Foi em 1590 que foi criada, em Lisboa, pelos jesuítas, a famosa “Aula da Esfera”, no Colégio de Santo Antão, aproveitando a transferência da Aula do Paço da Ribeira para Madrid.
Com estas habilitações, em 1603, Francisco Frias de Mesquita foi escolhido para Arquitecto Mor do Brasil, e tinha apenas vinte e cinco anos de idade. Luis Serrão Pimentel, em 1641, montou a Aula de Artilharia e Esquadria (cantaria de pedras) que, em 1647, se denominou Aula Régia (Fortificação e Arquitectura Militar).
É certo que, no séc.
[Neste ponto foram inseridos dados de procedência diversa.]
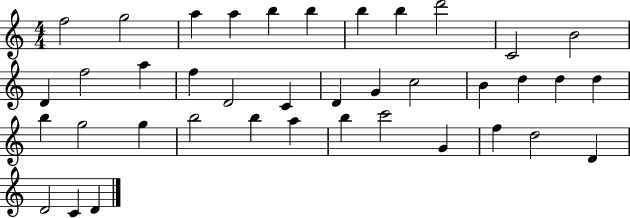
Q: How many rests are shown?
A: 0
XVII, Portugal se empenhou na formação de arquitectos no Ultramar, destinando-os para a construção de fortificações, cartografia e organização de serviços públicos, nomeadamente no Brasil.
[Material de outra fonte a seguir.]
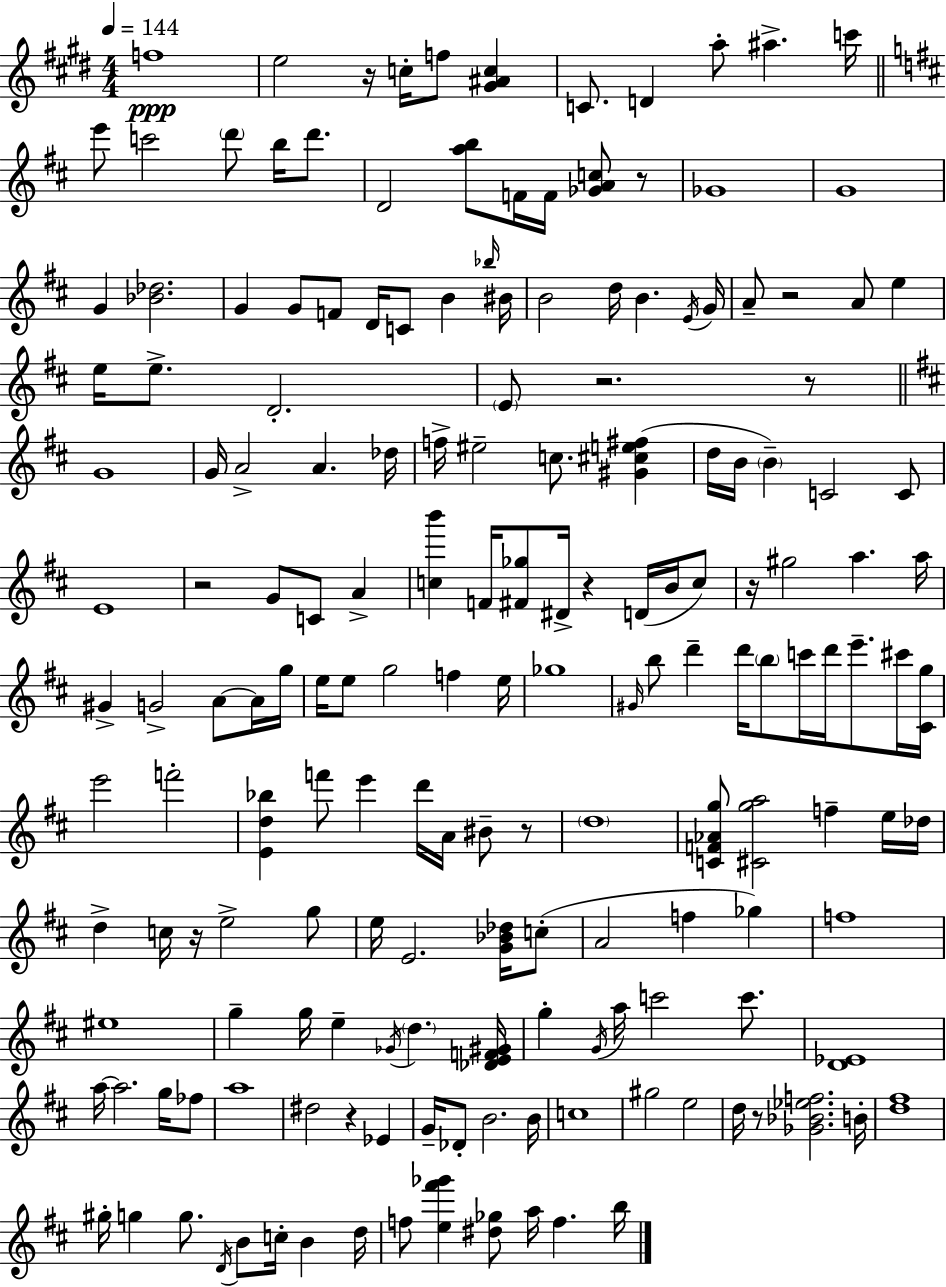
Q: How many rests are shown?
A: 12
Era notório que militares com formação superior na ciência da construção eram considerados quase “um oásis” de conhecimentos e desenvoltura de procedimentos, no meio da grande maioria do pessoal que constituía o exército colonial, no qual muitos oficiais eram analfabetos. O próprio “Marechal General das Tropas de Sua Majestade Fidelíssima”, Conde de Lippe, determinou, em 16 de Fevereiro de 1764, “(…) Que de ora em diante, todo o sargento que nas mostras responda pela Companhia e que pela natureza do seu encargo deve saber ler e escrever correctamente porque o oficial Comandante da mesma pode não o saber, por ser fidalgo” [4].
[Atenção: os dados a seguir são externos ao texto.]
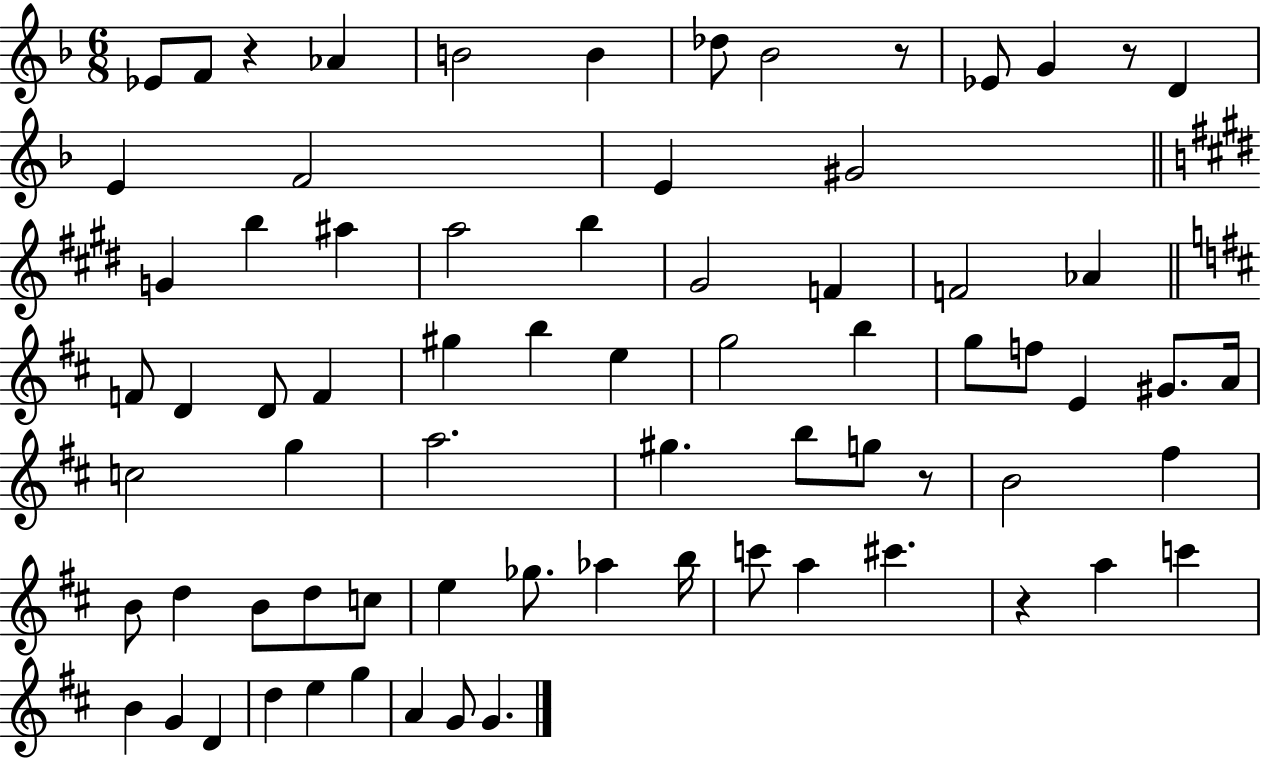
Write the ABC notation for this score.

X:1
T:Untitled
M:6/8
L:1/4
K:F
_E/2 F/2 z _A B2 B _d/2 _B2 z/2 _E/2 G z/2 D E F2 E ^G2 G b ^a a2 b ^G2 F F2 _A F/2 D D/2 F ^g b e g2 b g/2 f/2 E ^G/2 A/4 c2 g a2 ^g b/2 g/2 z/2 B2 ^f B/2 d B/2 d/2 c/2 e _g/2 _a b/4 c'/2 a ^c' z a c' B G D d e g A G/2 G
Foi o mesmo Conde de Lippe que, aproveitando as reformas pombalinas, reformou o exército, criou bibliotecas em todas as unidades militares e criou o Real Colégio dos Nobres[5].
A Carta Régia de 15 de Janeiro de 1699 institui no Brasil o ensino regular da Arquitectura Militar, onde constava[6]:“(…) aí (no Brasil) deveria ser aberta uma Aula em que ele (o formador) possa ensinar a fortificar, havendo nela três discípulos do partido (bolsistas), os quais serão pessoas que tenham capacidade necessária para poderem aprender e se aceitarem terão ao menos 18 anos de idade, os quais sendo soldados se lhes dará além do soldo meio tostão por dia (…) e todos os anos serão examinados para ver se adiantam os estudos e se têm génio para eles”.
Figura 5 – Desenhos de Ignacio José, partidista da Aula Militar da Bahia e aluno de José A. Caldas
Em Salvador, foram implantadas as primeiras aulas regulares de fortificação, em 1699. O conteúdo programático destas Aulas acompanhava a orientação geral que se seguia em Lisboa, onde se aprendia de tudo em geral, mas o principal da instrução incidia no estudo dos tratados de arquitectura militar, incluindo aritmética, geometria, trigonometria, fortificação, ataque e defesa de praças, modos de desenhar e artilharia. Também incluía estudos de longimetria, altimetria, planimetria, estereometria, geodesia, e pantometria, bem como obras de cantaria e alvenaria. Em geral, os militares com exercício de engenheiros, planeavam e marcavam os arruamentos e serviam de medidores (topógrafos) na implantação de novas fundações e alinhamentos nas ruas, largos, praças e edifícios. Em regra, cada curso tinha a duração de seis anos e incluía a execução de cópias de gravuras de tratados franceses ou holandeses e também de portugueses, cópias estas elaboradas a tinta da china.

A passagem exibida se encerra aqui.